Jerusalem: City of the Book
Co-authored with Merav Mack; photography by Frédéric Brenner
(Yale University Press, 2019)
A captivating journey through the hidden libraries of Jerusalem, where some of the world’s most enduring ideas were put into words.
In this enthralling book, Merav Mack and Benjamin Balint explore Jerusalem’s libraries to tell the story of this city as a place where some of the world’s most enduring ideas were put into words. The writers of Jerusalem, although renowned the world over, are not usually thought of as a distinct school; their stories as Jerusalemites have never before been woven into a single narrative. Nor have the stories of the custodians, past and present, who safeguard Jerusalem’s literary legacies.
By showing how Jerusalem has been imagined by its writers and shelved by its librarians, Mack and Balint tell the untold history of how the peoples of the book have populated the city with texts. In their hands, Jerusalem itself—perched between East and West, antiquity and modernity, violence and piety—comes alive as a kind of labyrinthine library.
PRAISE FOR JERUSALEM: CITY OF THE BOOK
The three great monotheisms of the world share an obsession both with sacred texts and with Jerusalem. Seizing upon this double passion, Mack and Balint had the brilliant idea of exploring the city though its libraries. With the help of Frédéric Brenner’s haunting photographs, they have created a riveting chronicle of holy bibliomania.
In their exquisite and brilliant exploration of the intricacies of Jerusalem’s libraries, Merav Mack and Benjamin Balint provide us with one of the most intimate and beautiful portraits ever written of Jerusalem. In unraveling the written treasures of Jerusalem, the overlapping maps of the sacred of the three Abrahamic religions unfold before our eyes, constituting Jerusalem as a simultaneous space of sublimity, rivalry, rupture and return.
An unforgettable journey through the world of books in Jerusalem, and an unparalleled portrait of one of the world’s great cities.
Traveling across Jerusalem and beyond, two humanist flâneurs find shame and pride, secrecy and sacredness, and a palimpsest made of innumerable religious and secular texts and libraries. A wondrous journey.
For those who love Jerusalem, Jerusalem: City of the Book will be a welcome treat. But all those interested in what religions share, and how they may co-exist, will also learn a great deal from this lively, and often surprising book.
A marvelous book which brings alive the history over many centuries of Jerusalem’s books, libraries, and the librarians who have been—and still are—their guardians. Sensitively and thoughtfully making links between the contested and controversial past and the present, the authors illuminate how books and libraries can bridge divides and shape the future.
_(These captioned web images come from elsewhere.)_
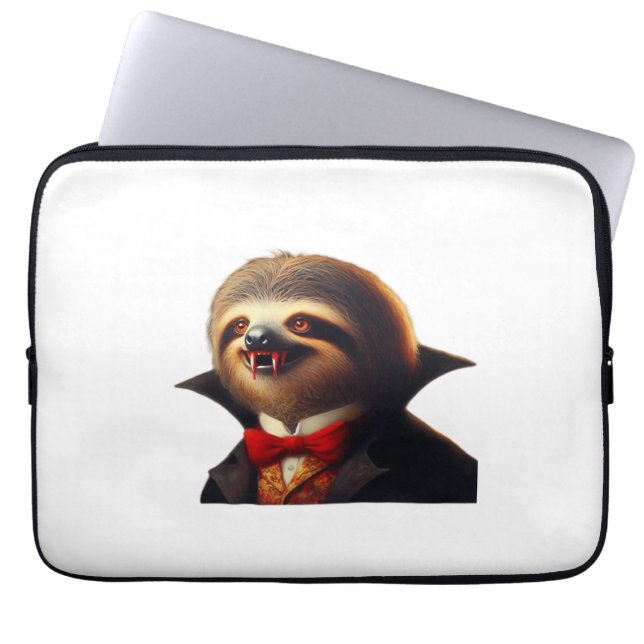 Sloth Vampire Classic T-Shirt Laptop Sleeve (Front)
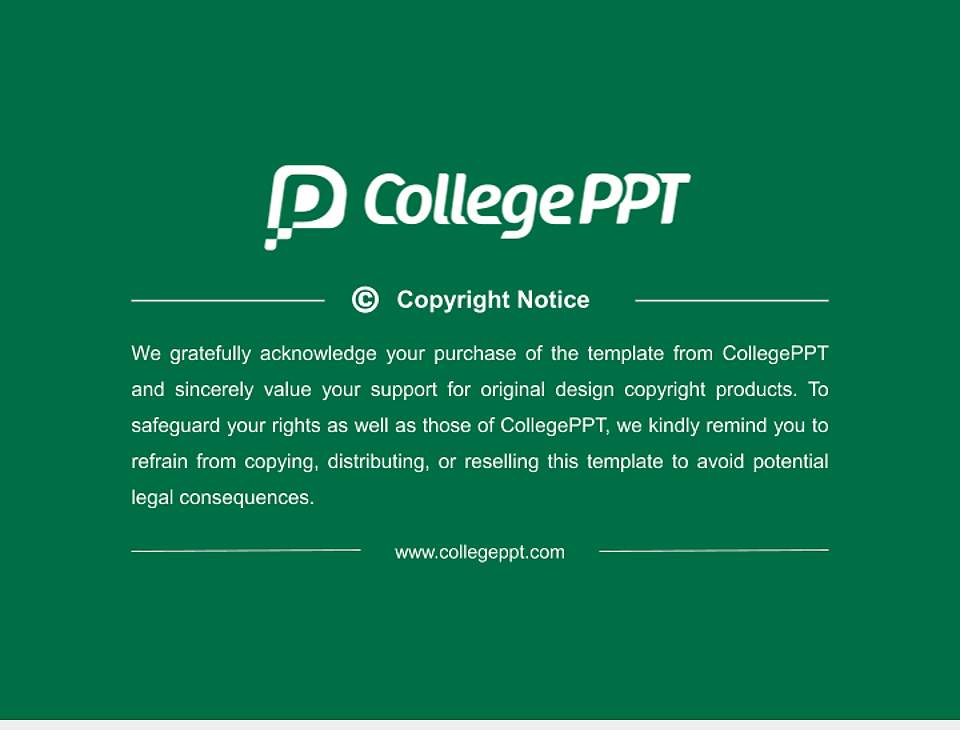 Seinan Gakuin University Thesis Proposal/Graduation Defense PPT Template4:3 ratio PPT effect preview image5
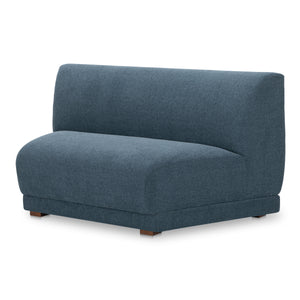 Moe's Fraser Wedge Slipper Chair Deep Blue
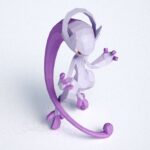 Papercraft of Mega Mewtwo Y in 3D origami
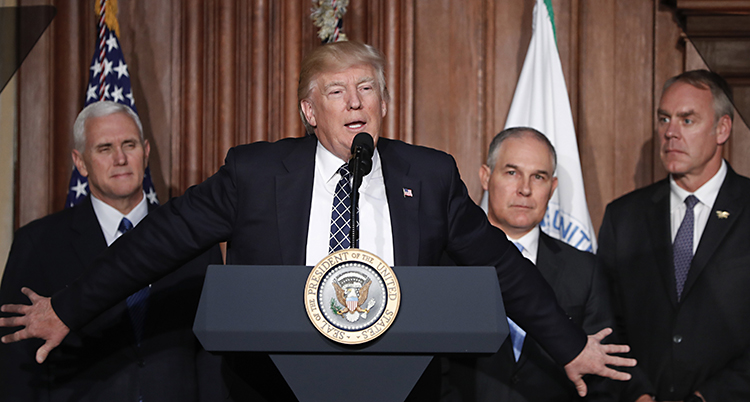 USAs president Donald Trump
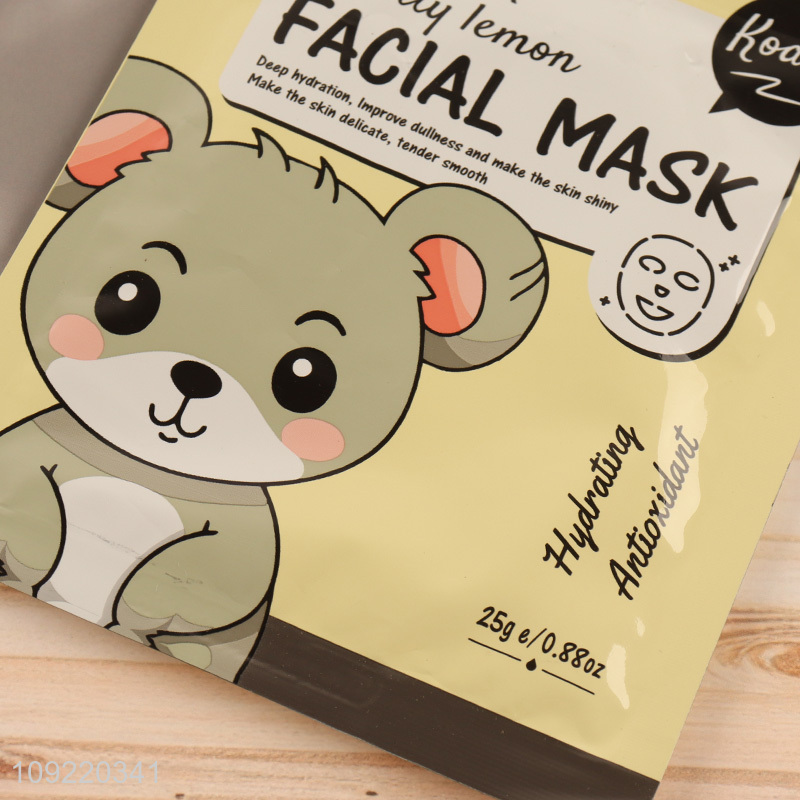 Top products lemon deep hydrating whitening skin care facial mask for sale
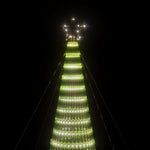 Hideg fehér LED karácsonyfa 1544 LED 500 cm 6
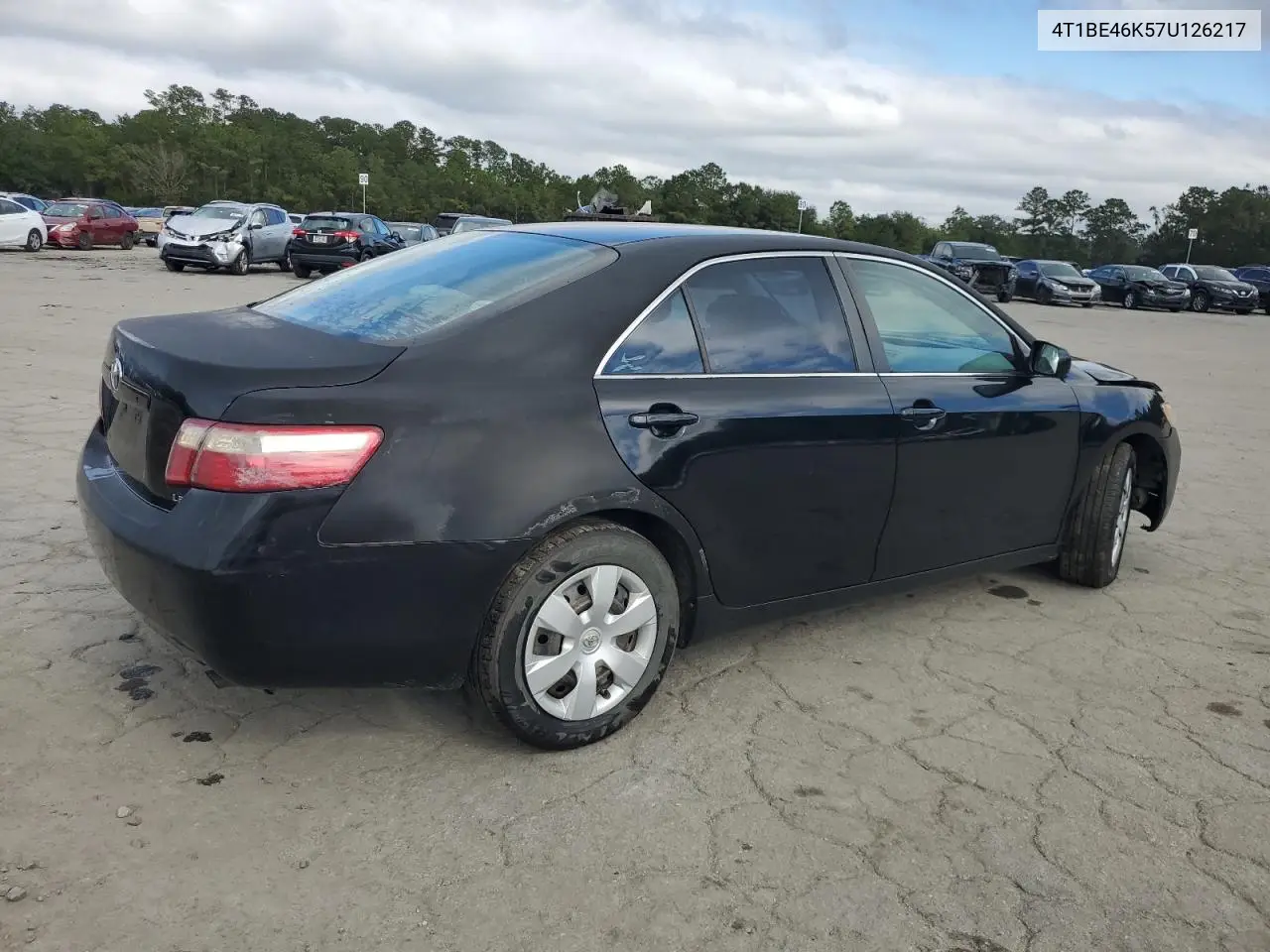 4T1BE46K57U126217 2007 Toyota Camry Ce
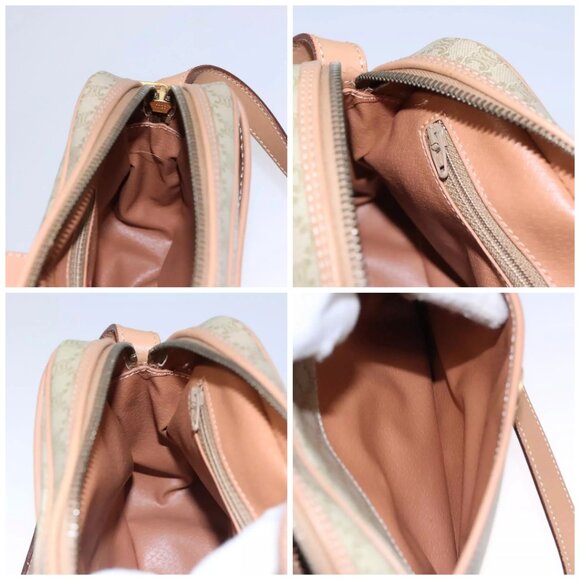 CELINE Macadam Canvas Shoulder Bag Beige Gold Auth mr1099 - Picture 16 of 16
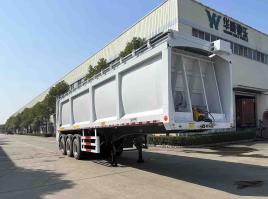 华威驰乐牌11.6米26.8吨3轴散装粮食运输半挂车(SGZ9403ZLS)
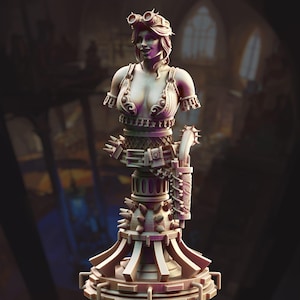 BUST - Manic Pixie Boom Girl - Eryial of Arvere | 3D printed miniature | Tabletop Games | Dungeons and Dragons | Wargaming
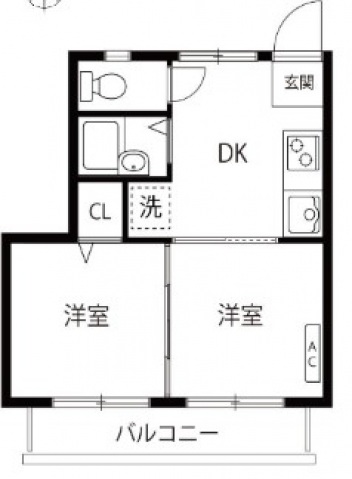 レフィーニ新川崎の間取り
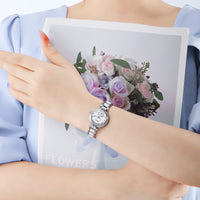 BERNY Women's watches Luxury Elegant Ceramics Quartz Ladies Wristwatch Small Dial Stainless Steel Casual Simple Dress Watch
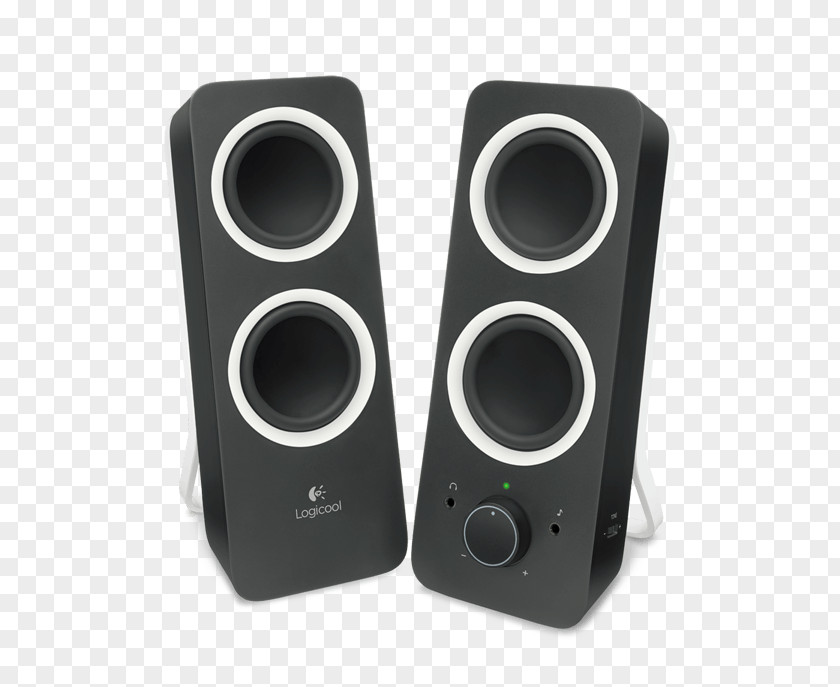Stereo Speakers Logitech Z200 Computer Loudspeaker Stereophonic Sound PNG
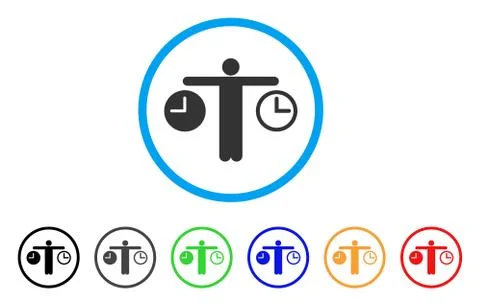 Compare Time Rounded Icon Stock Illustration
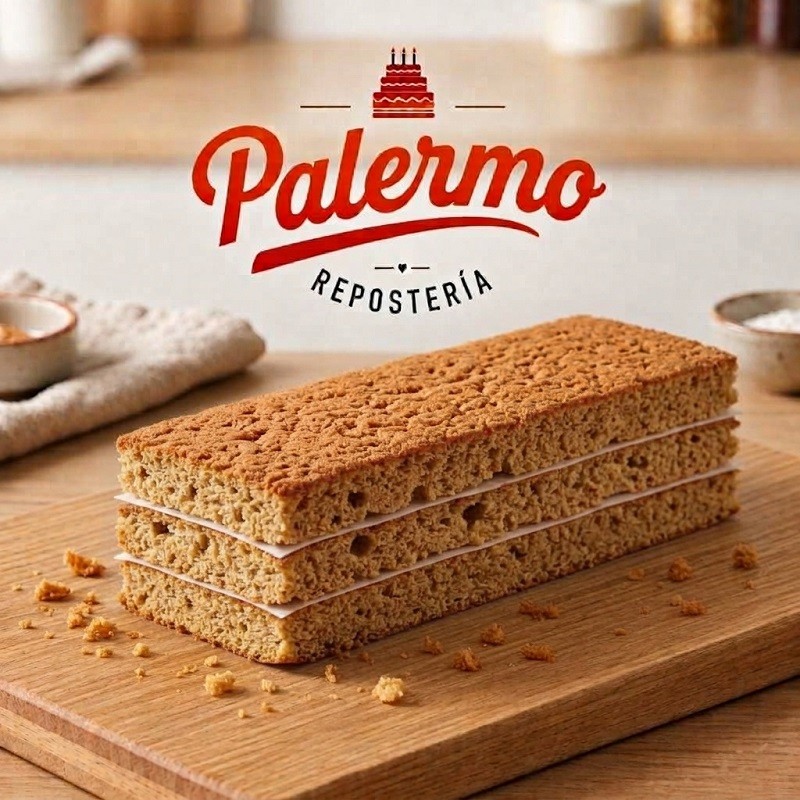 Bizcochuelo Rectangular - Lingote 36X16Cm X  950 G - Palermo Palermo - 1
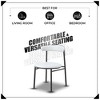 LeisureMod Lume Dining Chair Upholstered in Polyester with Powder-Coated Metal Legs Accent Side Chair for Dining Room, Kitchen - 4 of 4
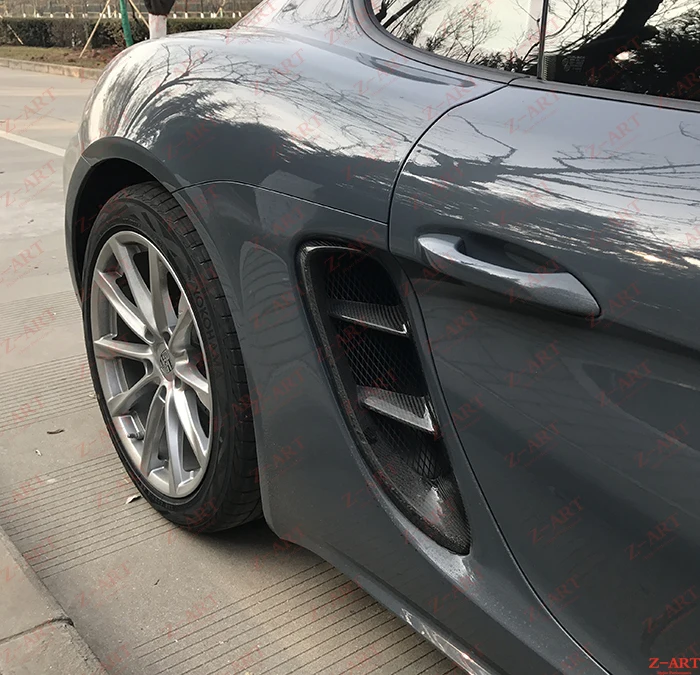 718 OEM боковые отверстия полностью из углеродного волокна для Porsche Boxster Cayman 2016 2019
That rarest of books: an academic work that fuses dense scholarship with the surreal intrigue of a Borgesian story... a scholastic thriller stuffed full of ghost scrolls, forgeries, buried texts and thieving bishops.
A first-rate scholarly work written for a general audience... a lively visual and engaging experience.... A successful attempt to present the literary palimpsest of the city as an interesting philological, linguistic, and social phenomenon.
Enlightening and fascinating.... This scholarly yet accessible book will provide Jerusalem enthusiasts with a different side of the city; it makes accessible previously hidden gems and showcases a deep respect for the preservation of the written word.
The Jerusalem of reality, as Mack and Balint disclose in their mesmerizing narrative, is every bit as vivid as that of the imagination, often even surpassing it.... Mack and Balint clearly relished the task, and they transmit that relish to the reader.... Intriguing issues emerge at every turn in this book. What has Jerusalem signified, to whom, and why?"
Mack and Balint's book is eminently readable, full of lovely descriptions and evocative writing, fluid and discursive in equal measures.... Jerusalem's libraries loom like a vast textual necropolis to which Mack and Balint have given us a handsome and gripping Baedeker.
Mack and Balint write beautiful (reflective and understated) prose and they have been fortunate to collaborate with a photographer, Frédéric Brenner, and a publisher, Yale University Press, whose striking images of Jerusalem’s manuscripts and libraries, impeccable editing, and creative design have helped to make Jerusalem: City of the Book a piece of book art in its own right.... Lucid and nuanced.... Their prologue opens with a motto from Jorge Luis Borges. The first endnote of the introduction refers to Umberto Eco. These great bibliophiles would certainly have loved it.
Is there anything new that can be said about Jerusalem, the most contested city on earth, where three religions coincide and, indeed, collide? And yet this book, by a pair of Israeli writers, does precisely that: it creates for the reader a new landscape of the mind, and it reminds us why, even though we may feel we have heard enough of the Holy City, it remains a place of marvels.... This wonderful book combines the excitement of a detective quest with the joys of rummaging through a chest of jewels.